Kate’s Addiction (1999)

Rating:

aka Circle of Deception

USA. 1999.

Crew

Director/Screenplay – Eric De la Barre, Producers – De la Barre, Laura Caulfield & Robin Norris, Photography – Jeffrey Wilkins, Music – Bill Conn, Production Design – Emily Kovner & Michael Volker. Production Company – Libra Pictures/Table 7 Productions/PolyVinyl Films

Cast

Kari Wuhrer (Kate McGrath), Farrah Forke (Sarah), Joel Gretsch (Jack), Matt Porretta (Dylan Parker), Matt Borlenghi (Ezra Parker), Natalie Radford (Zoey)


Plot

Kate McGrath hires a private detective to track down her best friend Sarah in Los Angeles and then goes to visit her. The two have been best friends since high school in New Orleans and Kate demands to know why Sarah did not come back to carry out their plans to open a flower shop together. Sarah explains that she fell in love with her boyfriend Dylan and decided to stay in L.A. However, when Dylan confides in Kate his intention to marry Sarah, Kate and her friend Zoey then conspire to fatally stab Dylan and make it seem like a mugging. Kate moves in with Sarah as she recovers. One night, Kate gets Sarah drunk and seduces her. Afterwards, Sarah decides she wants to forget about the incident. However, as Sarah becomes involved with Jack, a man she meets at the gym, Kate becomes possessive and starts to kill those that get in the way of what she believes is her and Sarah’s love for one another.

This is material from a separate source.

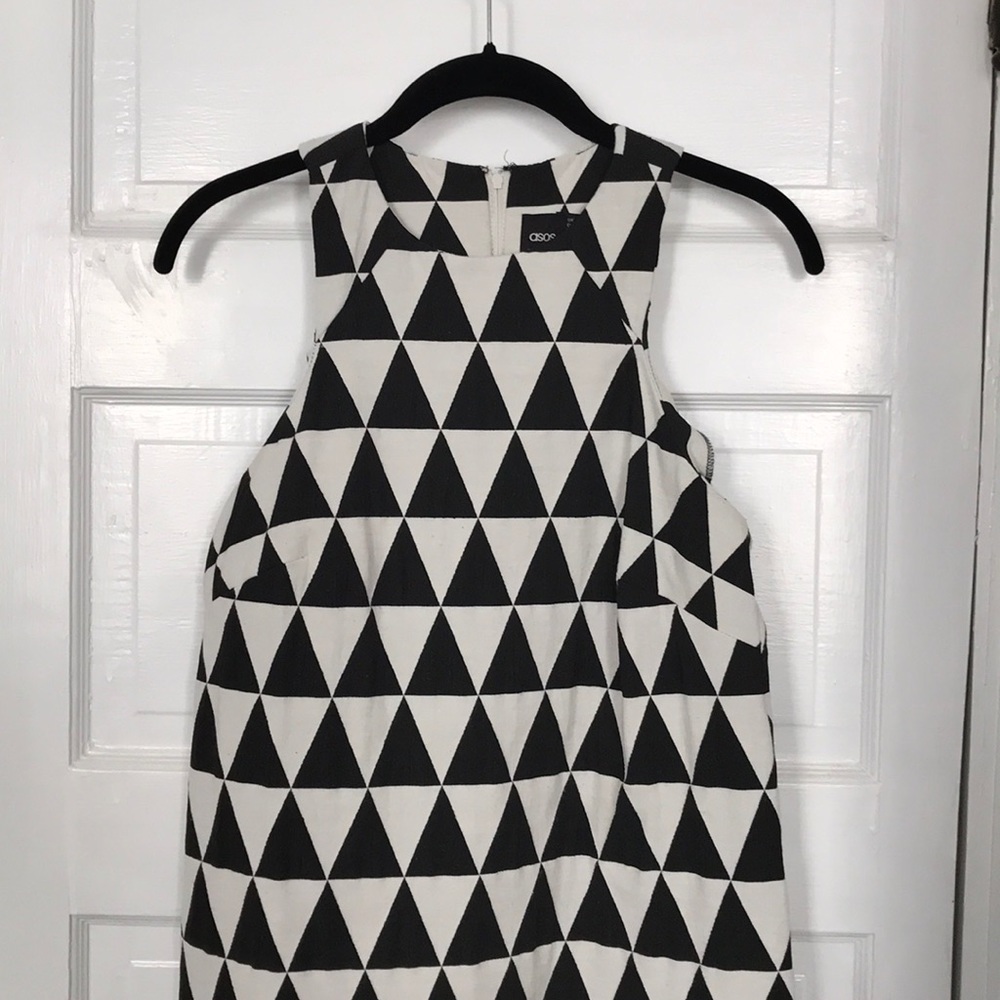 ASOS Graphic B&W Mod US 6 Triangle Shift Dress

Despite a title that makes it sound more like a film about a girl with a substance abuse problem, Kate’s Addiction is a modestly effective psycho-thriller. It is a variant on psychosexual stalker films like Fatal Attraction (1987) and Basic Instinct (1992). Most Fatal Attraction/Basic Instinct copies are tawdry and clichéd but Kate’s Addiction is one of these that is surprisingly effective. For one, there is the novelty of it being a psycho stalker film a la Fatal Attraction where the stalker is the same sex as the stalkee and is merely a best friend with an unfulfilled lesbian crush on the other.

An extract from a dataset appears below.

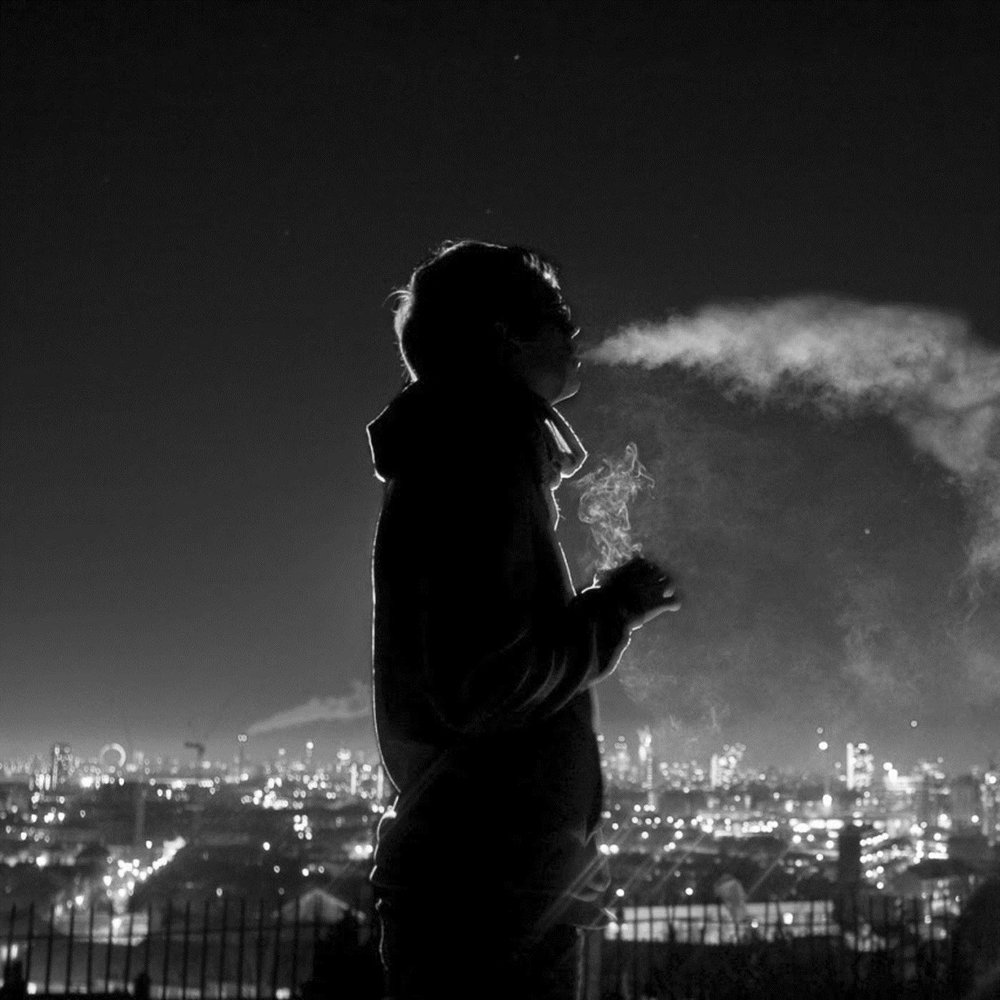 Песня ночь сигарета. Парень ночью. Человек на крыше ночью. Парень с сигаретой ночью. Пацаны ночью.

The film has some good characterisations, with the romantic scenes between Farrah Forke and Joel Gretsch aboard the yacht being especially warm and convincing. Director/writer Eric De la Barre is constantly putting twists on the audience. There is the scene where Kari Wuhrer turns up at Farrah Forke’s house where all parties meet in the kitchen – her, Forke, Matt Borlenghi’s horndog brother who is clearly coming onto Kari, and Matt Porretta’s fiancée to whom Kari suddenly announces that Forke is coming back to New Orleans to open a flower shop. It is a scene that contains a collision of elements where one momentarily has no idea where on Earth the film is about to go. There is a similar wildly chaotic creativity in the scenes where Kari Wuhrer and her dopehead girlfriend Natalie Radford gang up to attack Matt Porretta, which starts going wrong as Radford screws it up by referring to Kate by name and then suddenly pulls a knife and stabs him, whereupon Kari plunges the knife into her own stomach while at the same time urging a clearly rattled Natalie Radford on to finish him off.

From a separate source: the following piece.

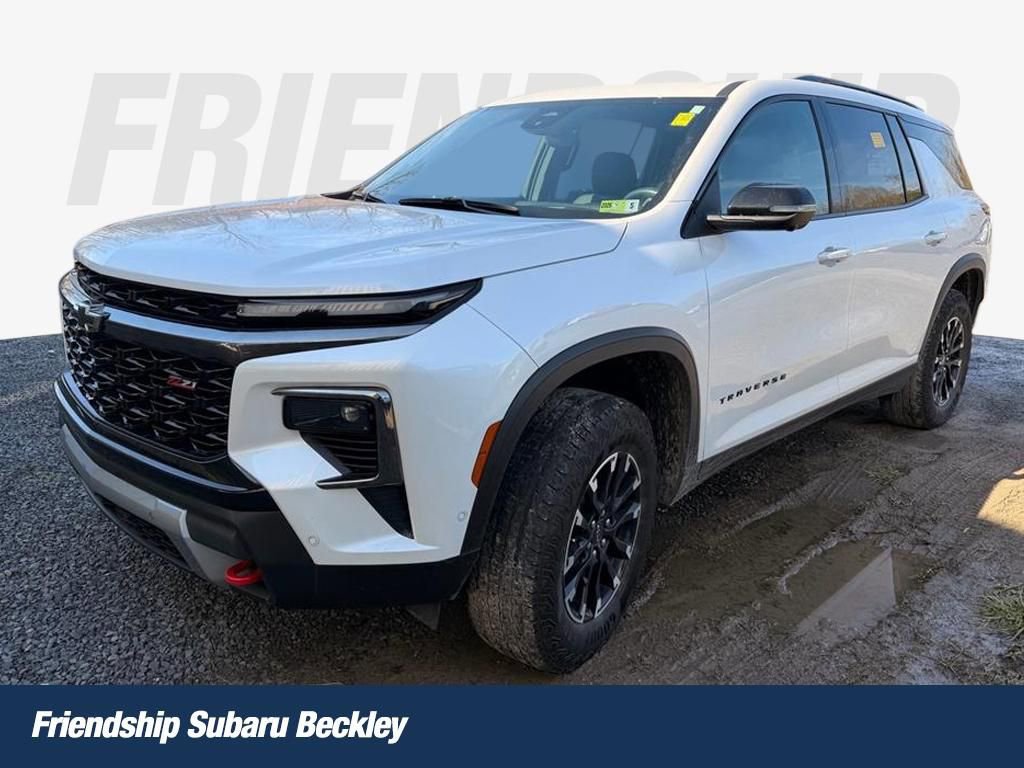 Used 2024 Chevrolet Traverse Z71 w/ Enhanced Driving Package image 1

Kari Wuhrer does far too many of these trashy erotic thriller roles and B movie parts when she has demonstrated elsewhere that she is more than capable of doing fare that requires her to keep her clothes on. Here though she is disappointing in a role that rarely amounts to much more than one-note villainy, especially so towards the end. Much better is Farrah Forke, who presents a strong, intelligent and likable character in what might otherwise have been a stock part. All of this adds to a modestly above-average psycho-thriller – one would certainly like to hear more from Eric De la Barre.